Action item: Below is a listing; retype exactly the line with "And from there" and every line after it through the end, and only those, leaving out the pictures.

Stored data:
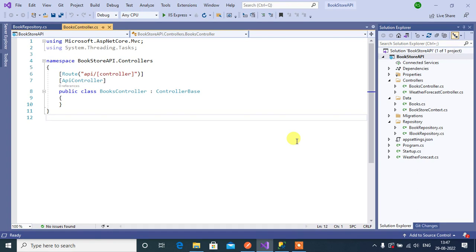In this video we will create a GET API that will return all the data from the database. In our previous video we set up the application, installed Entity Framework Core, and we have the database.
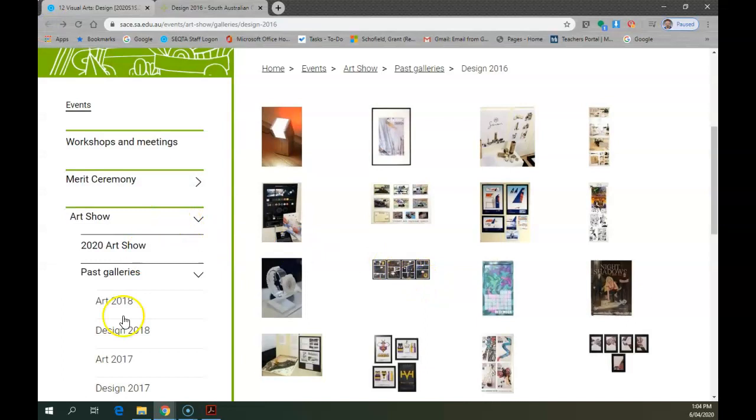And from there we can go back and you can access the other art shows from here, or you can go back to the cover page. Have a look at the examples in here, have a close look and check practitioner statements as well.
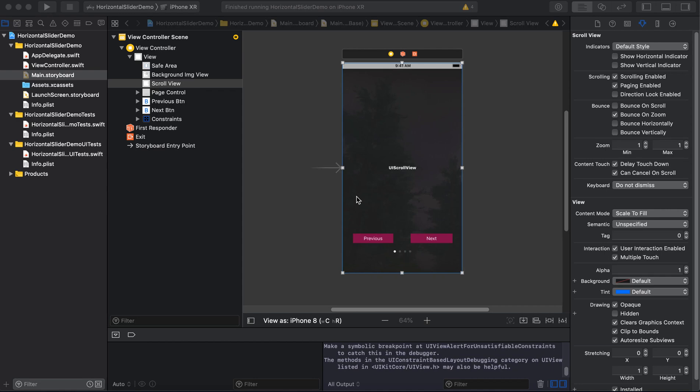Hey guys, this is my second video on horizontal slider and I have done some improvements. In the background we are moving an image, and I also added two buttons - one is previous and another one is next. On the click of next button we will move to the next slide.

Task result:
And from there we can go back and you can access the other art shows from here, or you can go back to the cover page. Have a look at the examples in here, have a close look and check practitioner statements as well.
Hey guys, this is my second video on horizontal slider and I have done some improvements. In the background we are moving an image, and I also added two buttons - one is previous and another one is next. On the click of next button we will move to the next slide.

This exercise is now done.